> Activity
Given the entries that follow, write out exactly the lines starting at the one containing "Лобелия многолетняя Квин" and ending at the one containing "Conférence à la", both ends included, and only those.

> Record excerpts
<<<<
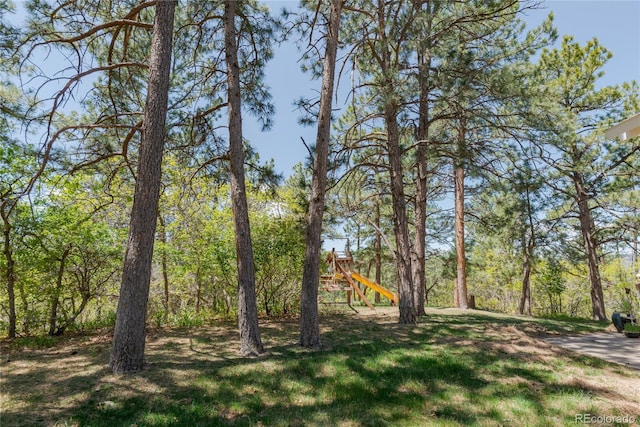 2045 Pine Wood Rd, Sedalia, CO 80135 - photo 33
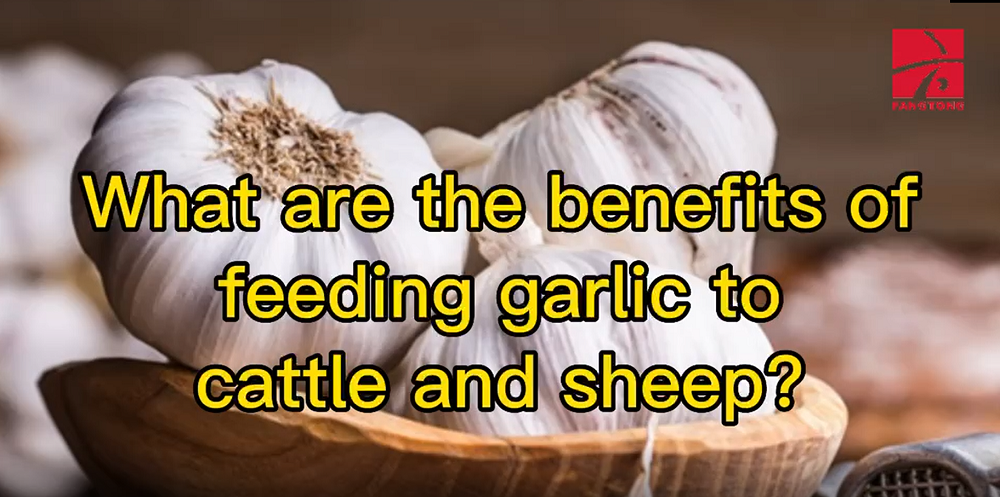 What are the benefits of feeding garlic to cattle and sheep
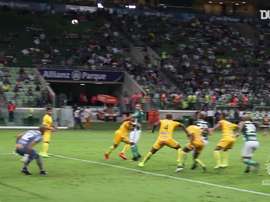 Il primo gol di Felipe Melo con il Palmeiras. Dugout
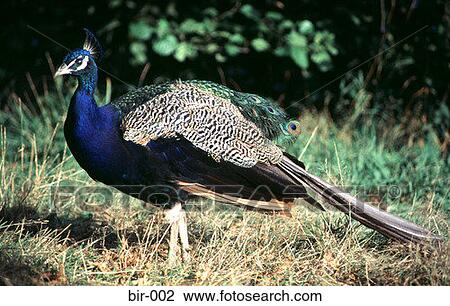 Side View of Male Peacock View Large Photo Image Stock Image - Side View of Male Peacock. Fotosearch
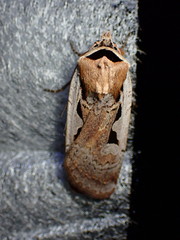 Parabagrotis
>>>>
<<<<
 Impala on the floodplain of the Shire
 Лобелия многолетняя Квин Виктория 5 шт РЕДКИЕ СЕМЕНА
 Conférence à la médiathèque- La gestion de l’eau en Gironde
>>>>
> Result below
 Лобелия многолетняя Квин Виктория 5 шт РЕДКИЕ СЕМЕНА
 Conférence à la médiathèque- La gestion de l’eau en Gironde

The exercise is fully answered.